Convolutional building blocks.

Multilabel loss function

The fundus disease recognition task is a multilabel classification problem, so it is unsuitable for training models with traditional loss functions. We refer to the loss function used in work16,40, all classified images can be represented as \(X = \){\(x_1,x_2...x_i...x_N\)} , where \(x_i\) is related to the ground truth label \(y_i\), and \(i = 1...N\), N represents the number of samples. We wish to find a classification function \(F:X\longrightarrow Y\) that minimizes the loss function L, we use N sets of labeled training data \((x_i,y_i)\), and apply a one-hot method to each \(y_i\) is encoded, \(y_i = [y_i^1,y_i^2...y_i^8] \), each y contains 8 values, corresponding to the 8 categories in the dataset. We draw on the traditional multilabel classification method based on problem transformation, and transformed the multilabel classification problem into a two-class classification problem for each label. The final loss is the average of the loss values of the samples corresponding to each label. After studying weighted loss functions, such as sample balance and class balance, we decided to use weighted binary cross-entropy from Formula 11 as the loss function, where W = (1,1.2,1.5,1.5,1.5,1.5,1.5,1.2) denotes the loss weight. The positive class is 1, and the negative class is 0. \(p(y_i)\) is the probability that sample i is predicted to be positive.

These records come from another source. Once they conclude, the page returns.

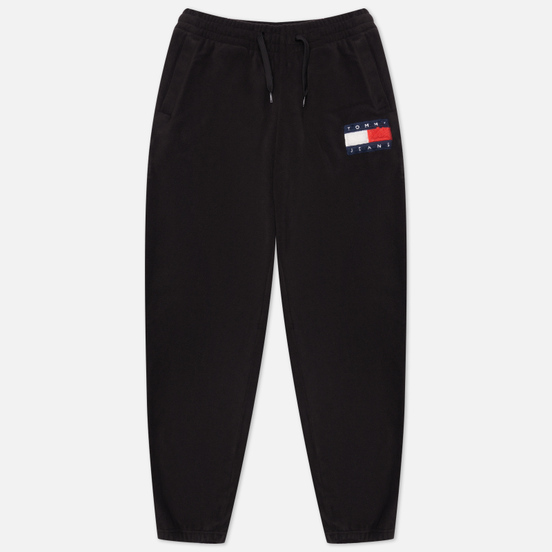 Мужские брюки Tommy Jeans ABO Polar Fleece Black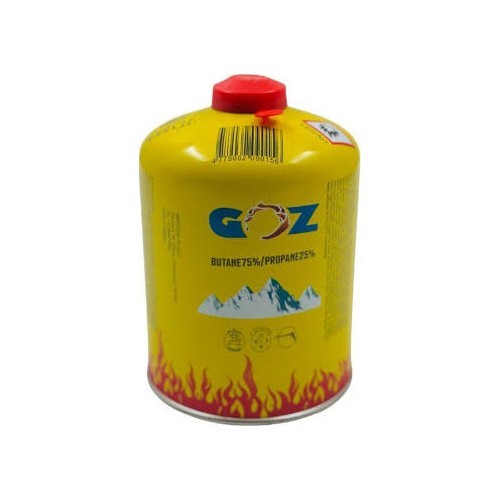 GOZ gas cartridge 450 g with 75/25 thread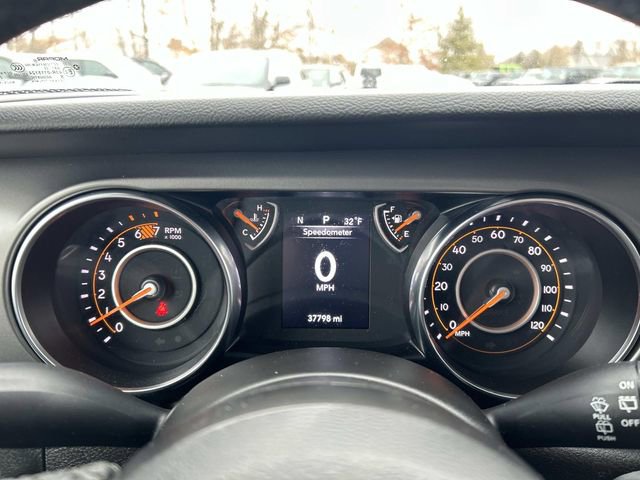 Used 2022 Jeep Wrangler Sport S image 28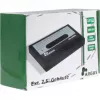 HDD korpuss Inter-Tech HD-25620 melnbalts 2.5 collu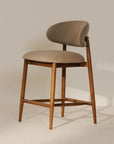 Ellie - Counter Stool - Light Brown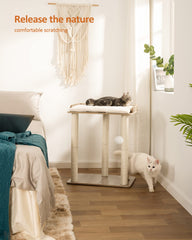 FourFurPets cat-tree assembly-steps enables quick setup with universal screws.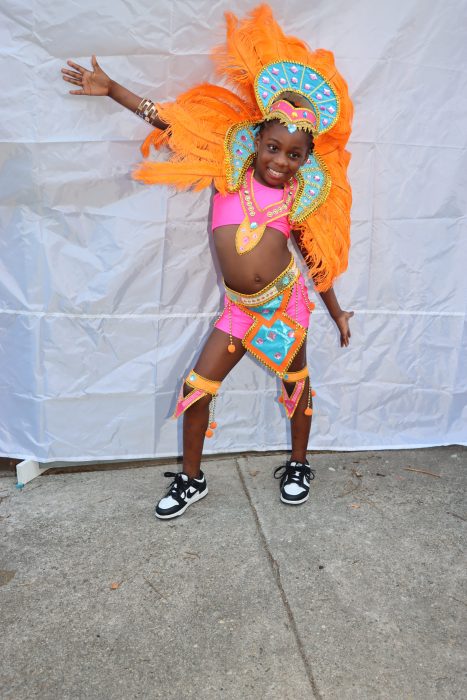 Sariah Holder, 6, portrays "Twilight"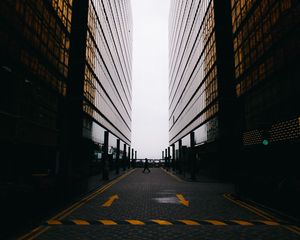 Preview wallpaper architecture, buildings, minimalism, facade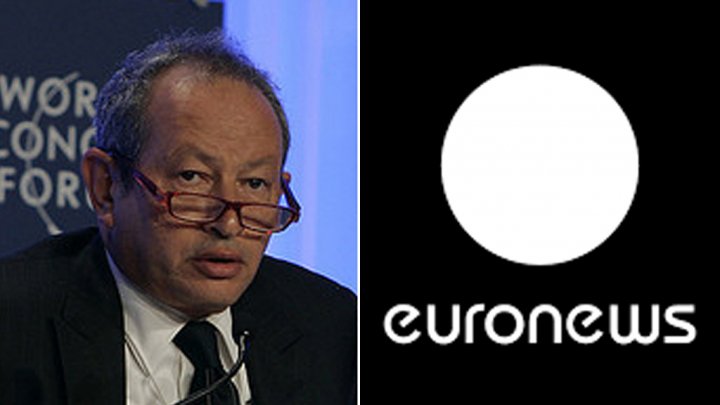 
Египтянин Нагиб Савирис получил контроль над каналом Euronews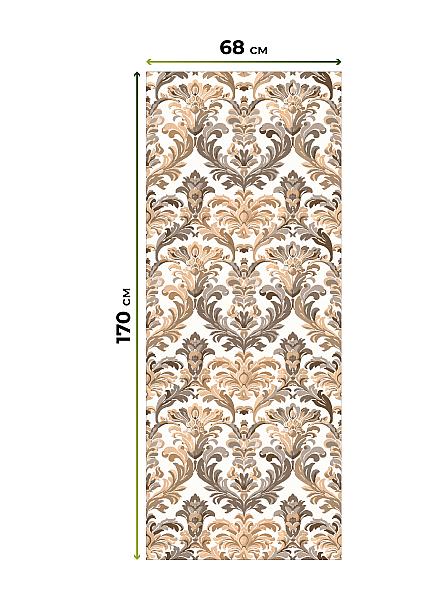 Рулонная штора для кухни для детской Рилварт - 570 - 68 см - фото 7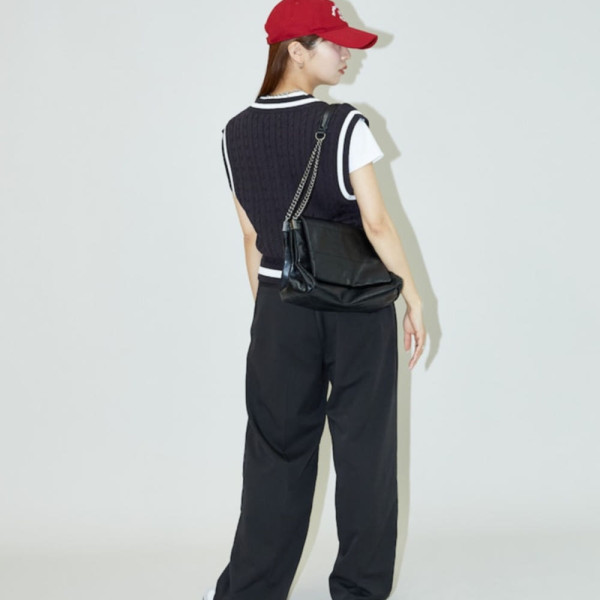 퍼블럭스 U.S. POLO ASSN. 유에스폴로에센 별주 칠든 니트 베스트 3컬러 3236291600001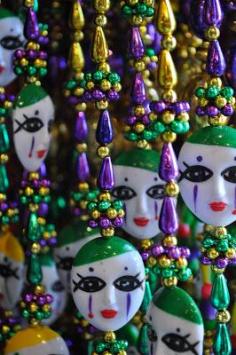 
                    
                        Mardi Gras Beads
                    
                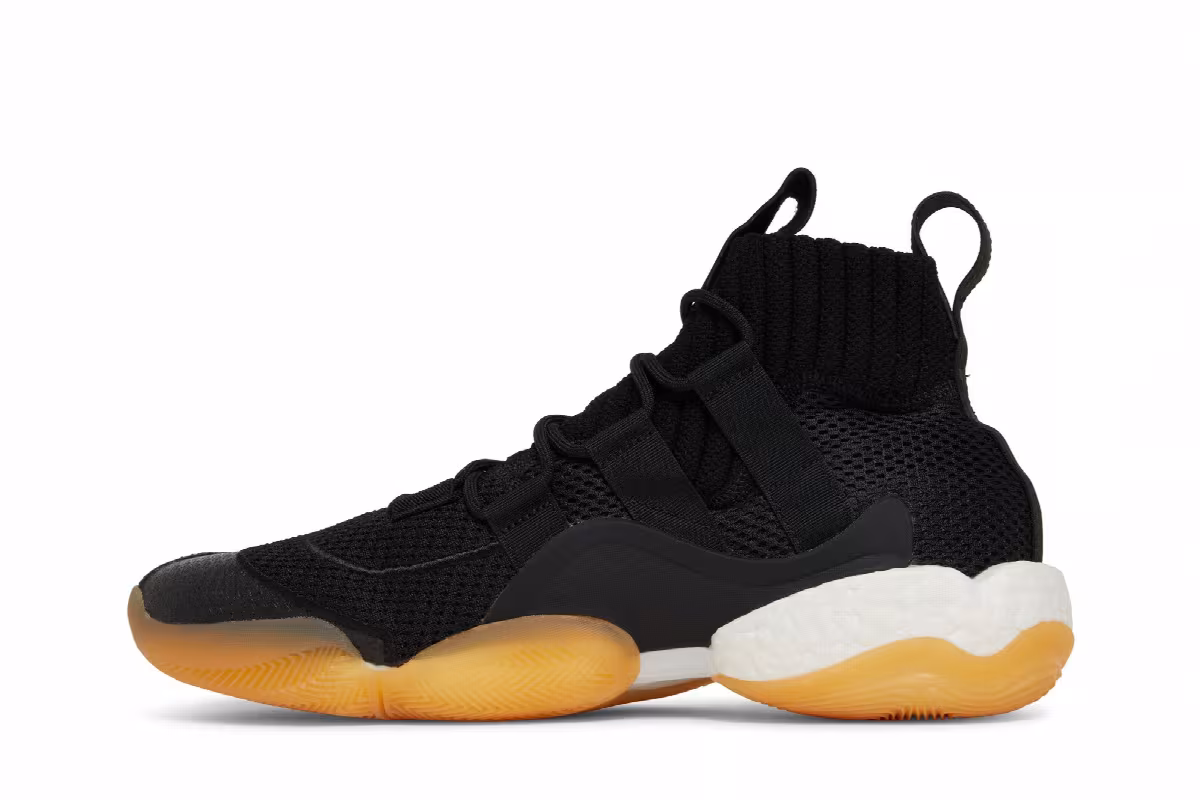 Adidas Crazy BYW X Core Black, view 4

$$\begin{aligned} L=-\frac{1}{N} \sum _{i=1}^{N} W \left(y_{i} \log \left( p\left( y_{i}\right) \right) +\left( 1-y_{i}\right) \log \left( 1-p\left( y_{i}\right) \right) \right) \end{aligned}$$
(11)

After obtaining the loss function, we need to choose an appropriate optimization function to optimize the learning parameters. Different optimizers have different effects on parameter training, so we mainly consider the effects of SGD and Adam on model performance. We performed multiple comparison experiments under the same conditions. The results showed that Adam significantly outperformed SGD in terms of convergence and shortened training time, possibly because when we chose SGD as the optimizer, the gradients of the samples were updated at every epoch, which brings additional noise. Each iteration is not in the direction of the global optimum, so it can only converge to the local optimum, decreasing accuracy.